As well as its roles in collagen production, copper also assists in iron absorption. Because copper balance is very tightly controlled, deficiency is very rare and fluctuations in copper levels have potential for very serious side effects, its supplementation is not usually recommended. 

It is for this reason that is it not included in ZENii collagen supplements. 

Dietary sources are almost always sufficient. It is found in some of the same, mineral-rich foods as zinc – these include nuts, dark chocolate, oysters, mushrooms, spinach, chickpeas, liver.


Selenium is another trace element whose presence is required for various biological processes. 

Whilst selenium is not itself a primary co-factor in collagen synthesis, it indirectly influences collagen metabolism and connective tissue health through its role as a component in selenoproteins, which help to maintain a healthy environment for cells within tissues by their roles as antioxidants – mopping up free radicals to protect against tissue damage and collagen degredation. 

Dietary sources of Selenium include : brazil nuts, cashews, eggs, sunflower seeds, chicken, beef, fish, spinach, mushrooms, liver, baked beans!


Silica is an essential trace mineral predominantly known for its involvement in maintaining bone density. Recent research, however, suggests that silica is also a key ingredient in collagen and elastin production in the skin too where it acts as a glue, holding the fibres together. The exact mechanism is not yet fully understood but it is thought to play a role in the deposition of collagen within the extracellular matrix and to contribute to the cross-linking of collagen fibres there, resulting in enhanced tissue strength. 
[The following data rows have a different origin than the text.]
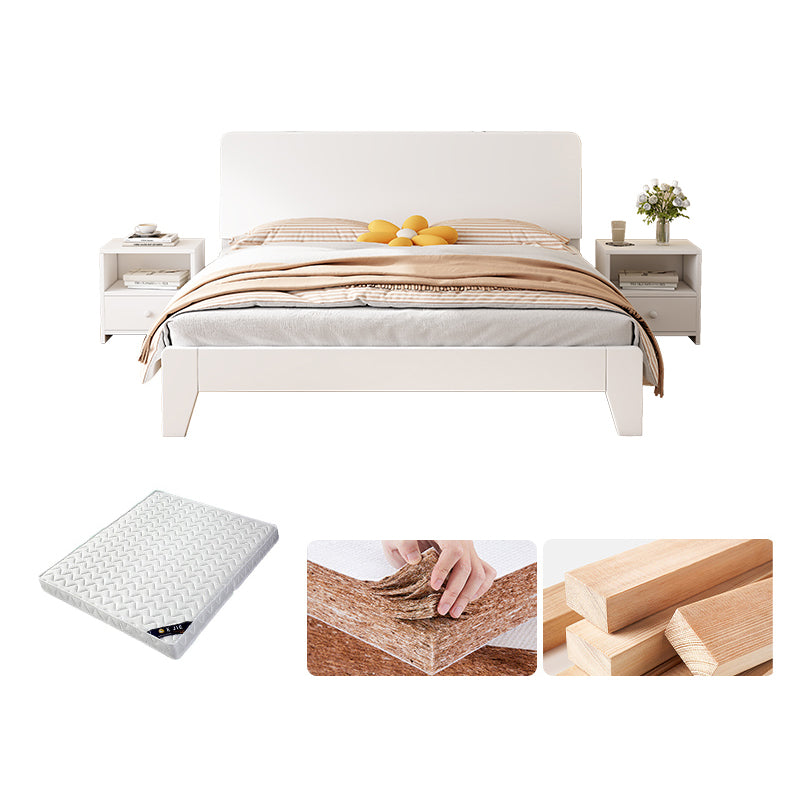 Solid Wood Standard Bed Modern White Bed Frame with Headboard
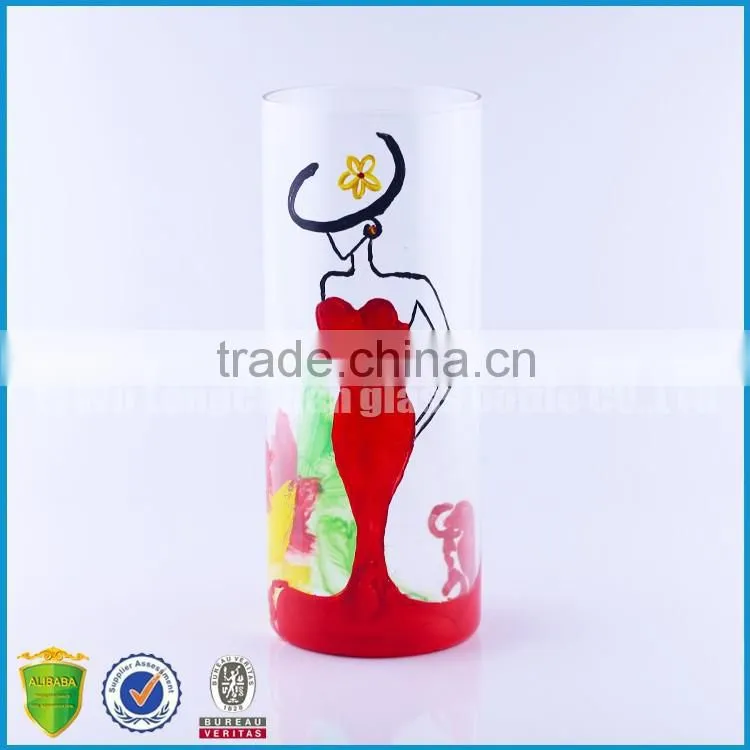 unique shape handmade art glass of colors bottle with lid.woman shape glass bottle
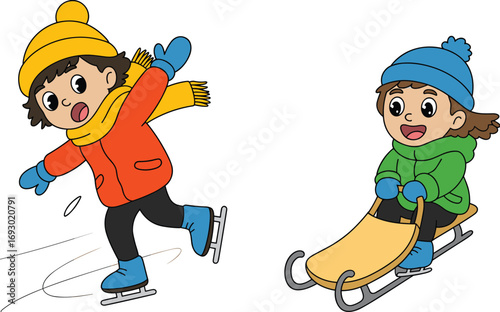 Happy children playing outdoors in winter clothes, boy ice skating falling, girl sledding smiling, cold weather fun activity, joyful kids enjoying snow, winter sports for kids, warm hats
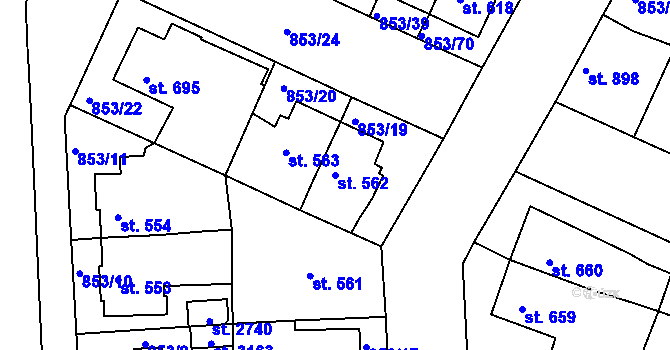 Parcela st. 562 v KÚ Blansko, Katastrální mapa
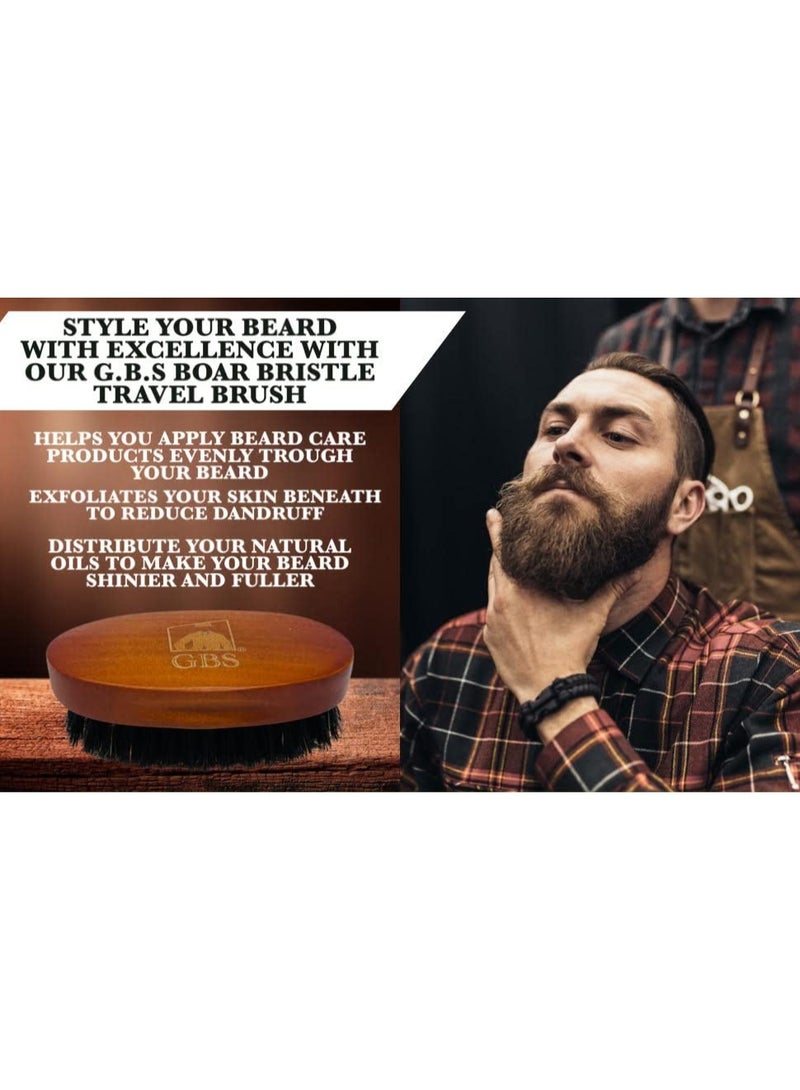 G.B.S Men's 100% Boar Bristle Wooden Handle Beard Brush - Image 5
Silica deficiency is known to result in premature ageing or the skin, hair and nails and loss of tissue elasticity. 

Food sources include green beans, bananas, brown rice. 

ZENii Fusion contains 7mg of silica (as silicone dioxide) around 50% RDA.


Hyaluronic Acid

I couldn’t discuss collagen supplements and co-factors without giving Hyaluronic Acid (HA) a mention. 

Whilst HA isn’t directly involved in collagen synthesis itself, it plays an essential role in supporting and organising collagen and overall tissue health within the extracellular matrix. 

HA has multiple functions, including moisture-retaining properties, tissue support, it is involved in cell migration to areas requiring repair and it is also anti-inflammatory. It is a key component in creating an environment for collagen-producing cells to function and in the maintenance of collagen structure and function.  

Clinical studies have shown that 105mg daily of Hyaluronic Acid taken orally can result in improvements in hydration and elasticity of the skin. 

Dietary sources rich in hyaluronic acid include bone broth, as well as starchy root vegetables, citrus fruits, leafy green veg and seeds and nuts.

ZENii Fusion contains 150mg of Hyaluronic acid. 



Collagen synthesis is a complex process and is dependent on multiple co-factors and as well as a suitable environment. This is by no means an exhaustive or comprehensive walk-through of all the chemicals involved or of all the details in the chemical process, but I hope it has served as a useful and interesting summary of some of the most important ones. 

As always, it is advisable to consult with a healthcare professional or nutritionist before making any significant changes to your diet or supplement regimen, and a balanced, nutritious diet is recommended for optimal overall health and wellbeing.